まぁそれはともかく試合についてだが、観ていて2012年最終節のリプレイかと思った。この試合、日産で鳥栖と対戦して押し気味に試合を進め、最後は中村のFKで1−0という試合だったのだが、あの試合の様に鳥栖はフィジカルを押し出してロングボールとサイド攻撃、そして藤田直之のロングスローに活路を見出すものの、決定機を作るには至らず。マリノスも去年とは違ってやはり動きは落ちていて決定機を作るまでには至らないのだが、残り5分という所で奈良輪のシュートがダフってゴール前の藤田に渡り、それを藤田が落とした所に兵藤がダイレクトに流し込んでマリノスが先制。

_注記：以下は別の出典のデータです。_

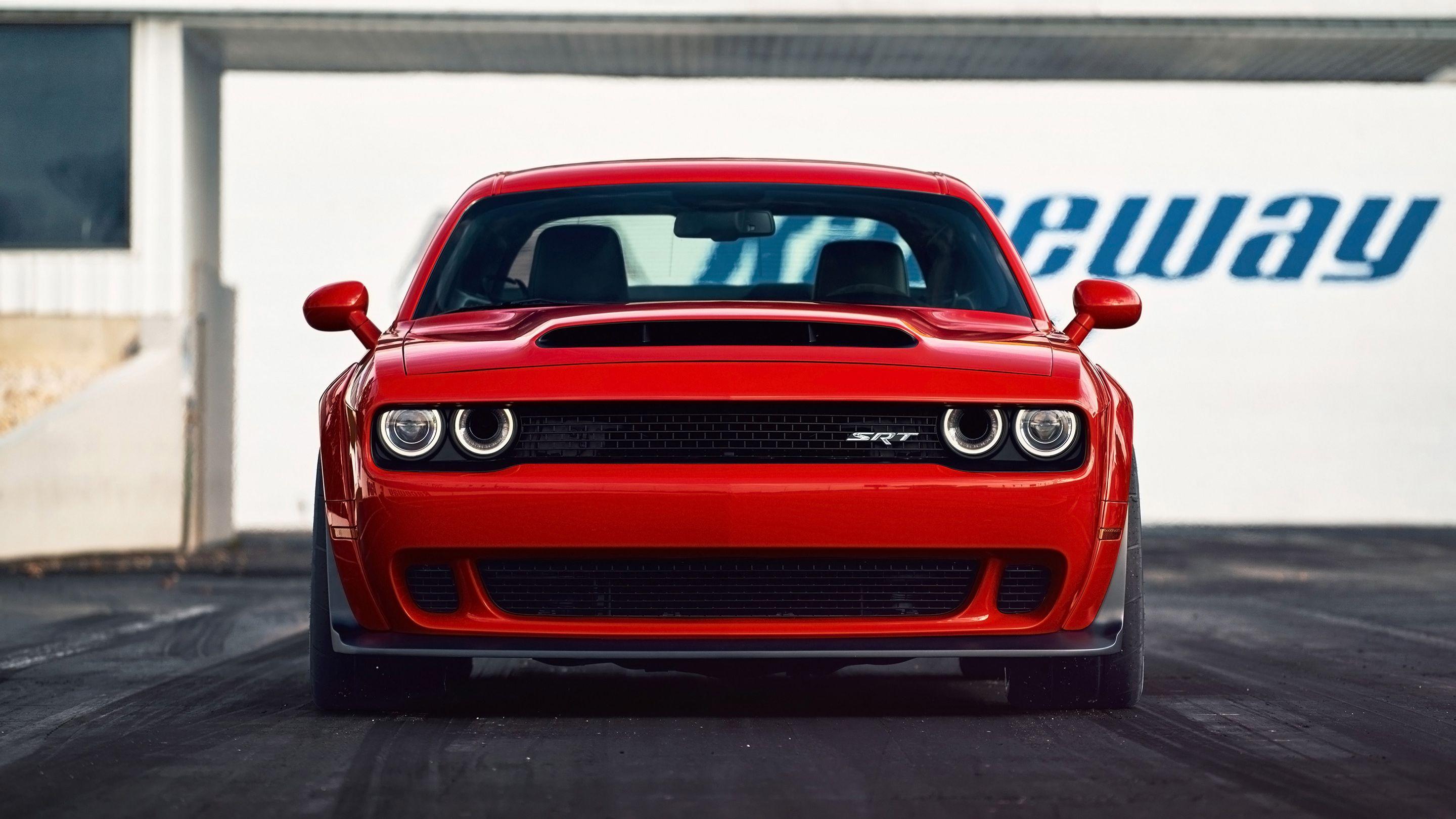 2880x1620 Dodge Challenger SRT Demon 8 Wallpaper. HD Car Wallpaper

先制さえすればマリノスは途端に守備⇒カウンターで生き生きしてくるのだが、今日もロスタイムに中村が決めて2−0。01年ナビスコ以来のカップ戦決勝進出と。
今日は鳥栖GK林が印象に残っている。去年だか清水在籍時に日産で観た時はキックが不安定だったのしか覚えてないんだが、今日はほぼ安定したプレー。あれだけの身長があって国際経験もあるだけにもう少しレベルアップして代表まで登り詰めて欲しい。
さてマリノスは決勝進出だが、振り返ると今年の天皇杯は八戸(東北社会人1部)⇒栃木(J2)⇒長野(JFL)⇒大分(J118位)⇒鳥栖(J112位)てこれだけ組分けに恵まれる年もそう無いな。まぁ決勝はリーグ優勝の広島な訳だが。決勝は藤田が累積で出場停止で端戸がスタメンと思われるが、これが意外と良い方向に作用するのではないかと思う。先制アシストがあったととは言え藤田は限界も見えていた中で、チームにフィットし切れないではいるものの、才能、センスは同期の齋藤に勝るとも劣らない端戸が1トップで新境地を切り拓いたりするのではないかなと。ちなみに藤田が今日受けた黄紙というのはオフサイドの笛が鳴っている中でボールをゴールに蹴り込んだ為。笛の音に気付かず普通に狙ったのでは無く、笛の音を聴いてから不服そうにループ気味に蹴り込んだもので、全く不要だった。この選手個人にとってもこの試合がある意味(良くない意味での)転機となるかもしれない。
そうそう試合後に友人宅で鍋をしつつ国立の試合を視てたんだが、西川のプレーには圧倒された。相手GK塩田も十分な活躍だったが、それ以上に西川が神懸かっていた。もしこの試合がもう少し時期が早かったら、例のMVP投票でももう少し票が伸びていただろう。